Am Beispiel deutschsprachiger Diabetes-Apps beschreibt Dr. Ursula Kramer in einer aktuellen Publikation (1) ganz konkret, wie es möglich ist, dem Wildwuchs und der Intransparenz im Markt der Gesundheits- und Medizin-Apps zum Wohl der Anwender, d. h. Patienten und Verbraucher Herr zu werden.

  • Ein Schulterschluss der verschiedenen medizinsichen Fachgesellschaften ist ebenso wichtig, wie die Einbindung der Patientenorganisationen. Es macht wenig Sinn, wenn jede Fachgesellschaft ihre eigenes Siegel kreiiert und dann nicht in der Lage ist, in vernünftiger Zeit das Marktangebot zu überprüfen.

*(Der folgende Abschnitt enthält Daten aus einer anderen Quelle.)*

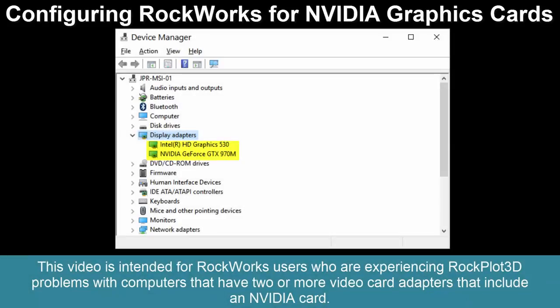This video is intended for Rockworks users who are experiencing Rockplot 3D problems with computers that have two or more video card adapters that include an NVIDIA card.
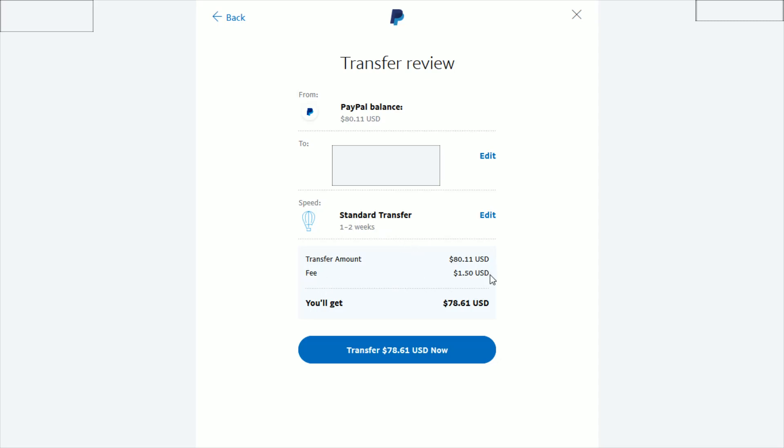It might be a little bit different for you, but probably not an ideal way to get money for most of you guys out there because it takes quite a bit longer than the standard transfer or the instant transfer, and you have to pay a fee on top of it.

Es gibt ein Prüfsiegel vom TÜV Saarland -"Geprüft App", es gibt ein Siegel der Deutschen Diabetesgesellschaft DDG - DiaDigital, es gibt CE-gekennzeichnete Gesundheits-Apps, es gibt den HealthOn Ehrenkodex, der sich an den wissenschaftlichen Standards der Guten Praxis Gesundheitsinformation orientiert.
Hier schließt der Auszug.